Examples of these are: `uint8_t`, `int8_t`, etc.
#### Avoid top-level `using namespace` Statements in Headers
By doing this, you are effectively forcing every other module that includes the
header to also be using the namespace. This causes namespace pollution and
generally defeats the purposes of namespaces. Fully-qualified symbols or
namespace blocks should be used instead.
#### Classes / objects not exposed in a header should be in an anonymous namespace
If a cpp class defines a class or instantiates a static object, it should be
enclosed in an anonymous namespace.
```
namespace {
// CPP internal defines go here
} // namespace
```
#### Singleton use
The decision to use a singleton class should be considered with care. Do not
default to using a singleton for ease of writing code.
If the class truly should be a singleton (ex. if it is controlling access to a
hardware resource)
- The standard function name for accessing an SDK singleton is GetInstance().
- Singleton classes should delete copy and move constructors
#### Avoid Heap-based Resource Allocation and auto-resizing std containers
Heap-based resource allocation should be avoided in the core SDK for common code
that may run on constrained embedded devices. This includes any container
element in std that automatically re-sizes itself at runtime (ex. vector, string
etc.) as these re-size operations are often large and can lead to memory
exhaustion and fragmentation on embedded systems.
Heap-based allocation is allowed for controller code and is at the discretion of
platform vendors for platform-specific code.
##### Alternatives
In either case, recommended resource allocation alternatives are:
- In-place allocation and initialization
- Pool-based allocators
- Platform-defined and -assigned allocators
[CHIPMem.h](https://github.com/project-chip/connectedhomeip/blob/master/src/lib/support/CHIPMem.h)
provides support for platform defined allocators.
[Pool.h](https://github.com/project-chip/connectedhomeip/blob/master/src/lib/support/Pool.h)
is the Matter SDK pool allocator implementation.

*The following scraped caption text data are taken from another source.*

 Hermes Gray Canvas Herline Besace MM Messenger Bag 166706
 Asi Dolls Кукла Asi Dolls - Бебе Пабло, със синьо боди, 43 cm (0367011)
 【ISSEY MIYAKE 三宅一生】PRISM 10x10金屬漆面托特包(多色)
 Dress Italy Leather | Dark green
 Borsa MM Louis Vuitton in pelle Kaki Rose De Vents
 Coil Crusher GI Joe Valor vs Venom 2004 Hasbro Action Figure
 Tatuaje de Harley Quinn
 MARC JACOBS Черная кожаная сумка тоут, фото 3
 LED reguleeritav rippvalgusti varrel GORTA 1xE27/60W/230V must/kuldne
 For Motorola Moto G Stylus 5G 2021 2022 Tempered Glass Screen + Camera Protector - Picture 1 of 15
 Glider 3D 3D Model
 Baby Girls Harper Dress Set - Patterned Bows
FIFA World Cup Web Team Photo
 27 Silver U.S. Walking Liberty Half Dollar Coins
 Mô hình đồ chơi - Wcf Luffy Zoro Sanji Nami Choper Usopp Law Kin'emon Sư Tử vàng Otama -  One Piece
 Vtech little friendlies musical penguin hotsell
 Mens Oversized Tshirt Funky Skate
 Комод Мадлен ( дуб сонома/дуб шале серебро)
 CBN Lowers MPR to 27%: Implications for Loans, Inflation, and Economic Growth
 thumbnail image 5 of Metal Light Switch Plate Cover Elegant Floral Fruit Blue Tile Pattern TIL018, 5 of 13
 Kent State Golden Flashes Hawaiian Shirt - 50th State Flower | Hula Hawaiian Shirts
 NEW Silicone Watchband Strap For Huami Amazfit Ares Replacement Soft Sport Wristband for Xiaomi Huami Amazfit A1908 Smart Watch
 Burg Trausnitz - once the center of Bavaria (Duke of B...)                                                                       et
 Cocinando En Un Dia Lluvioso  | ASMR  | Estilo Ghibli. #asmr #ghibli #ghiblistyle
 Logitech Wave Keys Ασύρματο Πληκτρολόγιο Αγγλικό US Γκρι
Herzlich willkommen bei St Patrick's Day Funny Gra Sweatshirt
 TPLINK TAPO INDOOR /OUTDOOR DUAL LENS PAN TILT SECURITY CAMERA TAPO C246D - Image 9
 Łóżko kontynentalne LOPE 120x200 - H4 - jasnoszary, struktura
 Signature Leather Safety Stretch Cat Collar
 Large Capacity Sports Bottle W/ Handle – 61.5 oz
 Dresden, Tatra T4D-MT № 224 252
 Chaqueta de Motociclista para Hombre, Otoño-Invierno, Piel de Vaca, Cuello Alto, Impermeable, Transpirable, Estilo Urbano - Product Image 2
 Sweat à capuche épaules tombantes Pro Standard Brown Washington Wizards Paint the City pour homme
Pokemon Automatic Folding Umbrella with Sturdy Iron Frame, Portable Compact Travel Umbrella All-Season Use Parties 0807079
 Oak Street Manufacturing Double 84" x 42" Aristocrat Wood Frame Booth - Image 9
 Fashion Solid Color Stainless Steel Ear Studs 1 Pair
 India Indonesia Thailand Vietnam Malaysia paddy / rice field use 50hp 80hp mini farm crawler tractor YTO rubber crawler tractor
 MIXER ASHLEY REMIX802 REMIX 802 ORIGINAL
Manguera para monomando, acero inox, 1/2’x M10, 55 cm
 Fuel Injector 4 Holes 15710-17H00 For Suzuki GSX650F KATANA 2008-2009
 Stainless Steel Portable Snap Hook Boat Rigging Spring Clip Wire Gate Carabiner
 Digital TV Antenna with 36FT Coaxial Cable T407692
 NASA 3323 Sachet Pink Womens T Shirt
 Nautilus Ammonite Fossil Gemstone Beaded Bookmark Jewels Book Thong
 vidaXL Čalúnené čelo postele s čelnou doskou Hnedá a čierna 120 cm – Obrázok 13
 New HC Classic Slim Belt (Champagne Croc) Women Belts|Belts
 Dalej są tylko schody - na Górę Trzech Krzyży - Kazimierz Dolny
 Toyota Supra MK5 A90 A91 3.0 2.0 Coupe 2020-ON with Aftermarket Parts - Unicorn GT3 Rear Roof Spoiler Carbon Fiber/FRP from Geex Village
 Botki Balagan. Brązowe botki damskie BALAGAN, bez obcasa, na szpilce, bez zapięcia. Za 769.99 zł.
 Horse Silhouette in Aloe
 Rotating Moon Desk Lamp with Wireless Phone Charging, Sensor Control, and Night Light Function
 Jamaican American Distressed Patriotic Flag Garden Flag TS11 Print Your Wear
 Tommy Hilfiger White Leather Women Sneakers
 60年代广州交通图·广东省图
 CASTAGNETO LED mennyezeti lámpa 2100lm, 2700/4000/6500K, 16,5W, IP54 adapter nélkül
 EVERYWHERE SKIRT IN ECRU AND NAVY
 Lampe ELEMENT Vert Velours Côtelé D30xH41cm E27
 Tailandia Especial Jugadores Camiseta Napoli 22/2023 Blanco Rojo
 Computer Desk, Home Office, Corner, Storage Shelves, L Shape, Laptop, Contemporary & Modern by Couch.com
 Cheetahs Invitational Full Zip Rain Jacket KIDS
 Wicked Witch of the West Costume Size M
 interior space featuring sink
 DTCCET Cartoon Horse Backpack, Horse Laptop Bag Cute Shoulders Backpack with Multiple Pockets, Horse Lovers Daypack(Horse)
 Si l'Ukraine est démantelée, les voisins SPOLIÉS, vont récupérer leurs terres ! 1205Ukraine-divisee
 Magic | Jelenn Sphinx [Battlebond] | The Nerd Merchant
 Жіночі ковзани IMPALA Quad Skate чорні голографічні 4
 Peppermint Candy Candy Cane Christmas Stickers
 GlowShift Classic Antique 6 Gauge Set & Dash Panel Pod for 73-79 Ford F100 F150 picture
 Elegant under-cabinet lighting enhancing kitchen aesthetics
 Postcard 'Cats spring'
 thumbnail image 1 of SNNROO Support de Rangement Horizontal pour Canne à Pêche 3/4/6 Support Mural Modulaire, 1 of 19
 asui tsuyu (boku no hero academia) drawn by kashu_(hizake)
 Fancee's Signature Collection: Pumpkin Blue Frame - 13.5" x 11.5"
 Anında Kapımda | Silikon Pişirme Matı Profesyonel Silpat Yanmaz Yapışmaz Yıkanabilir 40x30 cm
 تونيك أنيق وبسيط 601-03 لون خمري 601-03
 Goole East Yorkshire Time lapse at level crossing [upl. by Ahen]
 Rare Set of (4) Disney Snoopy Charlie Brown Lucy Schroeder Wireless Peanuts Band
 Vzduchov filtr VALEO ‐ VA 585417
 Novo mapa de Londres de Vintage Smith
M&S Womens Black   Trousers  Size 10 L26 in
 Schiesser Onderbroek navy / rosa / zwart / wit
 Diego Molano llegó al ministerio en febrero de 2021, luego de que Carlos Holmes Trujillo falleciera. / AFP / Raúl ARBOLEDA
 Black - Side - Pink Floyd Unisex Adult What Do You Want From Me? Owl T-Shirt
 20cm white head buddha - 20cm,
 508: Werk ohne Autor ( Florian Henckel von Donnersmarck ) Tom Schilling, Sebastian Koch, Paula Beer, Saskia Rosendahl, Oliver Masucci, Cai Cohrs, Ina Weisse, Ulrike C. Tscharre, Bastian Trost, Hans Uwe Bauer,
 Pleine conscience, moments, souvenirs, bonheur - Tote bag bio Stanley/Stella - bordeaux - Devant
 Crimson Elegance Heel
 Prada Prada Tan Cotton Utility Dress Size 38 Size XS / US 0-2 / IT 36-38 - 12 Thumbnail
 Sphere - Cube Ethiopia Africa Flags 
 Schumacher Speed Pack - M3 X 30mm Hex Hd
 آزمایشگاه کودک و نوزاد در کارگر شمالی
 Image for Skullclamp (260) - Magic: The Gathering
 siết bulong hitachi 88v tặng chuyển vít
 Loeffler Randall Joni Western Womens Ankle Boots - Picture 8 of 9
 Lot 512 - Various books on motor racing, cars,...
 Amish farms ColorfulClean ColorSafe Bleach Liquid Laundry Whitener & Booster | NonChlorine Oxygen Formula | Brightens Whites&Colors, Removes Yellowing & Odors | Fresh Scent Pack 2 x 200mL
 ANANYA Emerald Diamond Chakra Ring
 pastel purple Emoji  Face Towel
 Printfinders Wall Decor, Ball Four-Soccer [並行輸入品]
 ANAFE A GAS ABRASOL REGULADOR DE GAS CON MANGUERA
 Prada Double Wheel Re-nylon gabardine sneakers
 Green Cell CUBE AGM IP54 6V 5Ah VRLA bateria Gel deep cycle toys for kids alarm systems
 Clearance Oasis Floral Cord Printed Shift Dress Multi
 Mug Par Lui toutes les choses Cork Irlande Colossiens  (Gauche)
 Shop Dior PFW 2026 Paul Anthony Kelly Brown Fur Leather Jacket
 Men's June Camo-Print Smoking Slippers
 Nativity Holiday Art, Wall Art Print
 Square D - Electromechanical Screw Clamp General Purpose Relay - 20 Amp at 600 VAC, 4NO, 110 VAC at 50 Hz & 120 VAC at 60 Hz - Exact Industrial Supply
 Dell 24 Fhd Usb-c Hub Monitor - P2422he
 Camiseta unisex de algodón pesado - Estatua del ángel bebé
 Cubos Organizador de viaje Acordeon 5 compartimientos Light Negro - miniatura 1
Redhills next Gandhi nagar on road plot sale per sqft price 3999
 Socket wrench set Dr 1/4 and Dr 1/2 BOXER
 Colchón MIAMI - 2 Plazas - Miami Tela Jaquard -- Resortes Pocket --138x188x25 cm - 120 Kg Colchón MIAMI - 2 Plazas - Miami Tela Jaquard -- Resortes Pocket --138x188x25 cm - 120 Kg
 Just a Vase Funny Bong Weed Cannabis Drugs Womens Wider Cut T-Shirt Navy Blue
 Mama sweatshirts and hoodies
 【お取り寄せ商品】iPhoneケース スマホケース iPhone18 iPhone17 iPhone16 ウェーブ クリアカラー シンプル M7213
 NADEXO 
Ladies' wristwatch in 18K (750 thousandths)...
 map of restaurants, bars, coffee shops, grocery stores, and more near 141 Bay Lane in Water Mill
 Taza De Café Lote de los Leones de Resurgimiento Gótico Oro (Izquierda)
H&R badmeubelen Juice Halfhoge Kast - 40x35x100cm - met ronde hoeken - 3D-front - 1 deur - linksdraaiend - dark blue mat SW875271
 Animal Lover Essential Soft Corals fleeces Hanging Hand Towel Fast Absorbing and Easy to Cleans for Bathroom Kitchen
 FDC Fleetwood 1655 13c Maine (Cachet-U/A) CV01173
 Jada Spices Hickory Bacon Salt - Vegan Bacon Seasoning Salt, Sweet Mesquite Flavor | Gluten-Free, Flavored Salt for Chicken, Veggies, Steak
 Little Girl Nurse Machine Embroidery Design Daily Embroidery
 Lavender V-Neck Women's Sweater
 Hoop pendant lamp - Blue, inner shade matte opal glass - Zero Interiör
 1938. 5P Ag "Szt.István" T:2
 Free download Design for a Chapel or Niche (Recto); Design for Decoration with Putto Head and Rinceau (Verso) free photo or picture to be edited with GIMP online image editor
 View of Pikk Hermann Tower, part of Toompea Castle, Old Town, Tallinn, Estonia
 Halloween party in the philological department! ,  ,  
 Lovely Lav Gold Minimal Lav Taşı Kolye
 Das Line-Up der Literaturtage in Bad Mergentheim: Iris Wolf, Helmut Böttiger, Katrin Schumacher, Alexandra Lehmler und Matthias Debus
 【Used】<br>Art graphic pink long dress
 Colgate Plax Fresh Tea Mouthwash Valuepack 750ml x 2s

#### Prefer CopySpanToMutableSpan over memcpy when using spans
See
[Span.h](https://github.com/project-chip/connectedhomeip/blob/master/src/lib/support/Span.h)
#### Prefer std::optional to CHIP implementation in newer code
The Matter SDK Optional.h was implemented when the Matter SDK was C++14, but
newer code can use std::optional, which offers some benefits over the Matter SDK
implementation (ex. std::optional is trivially destructible if the underlying
type is also trivially destructible)
### Python
#### Type hints
Use type hints on function definitions for public APIs.
#### Docstrings
Docstrings should be included for all public APIs.
#### mypy
The current python code does not yet pass mypy checks, but we are working
towards this goal. The more compliant new code is to mypy, the better.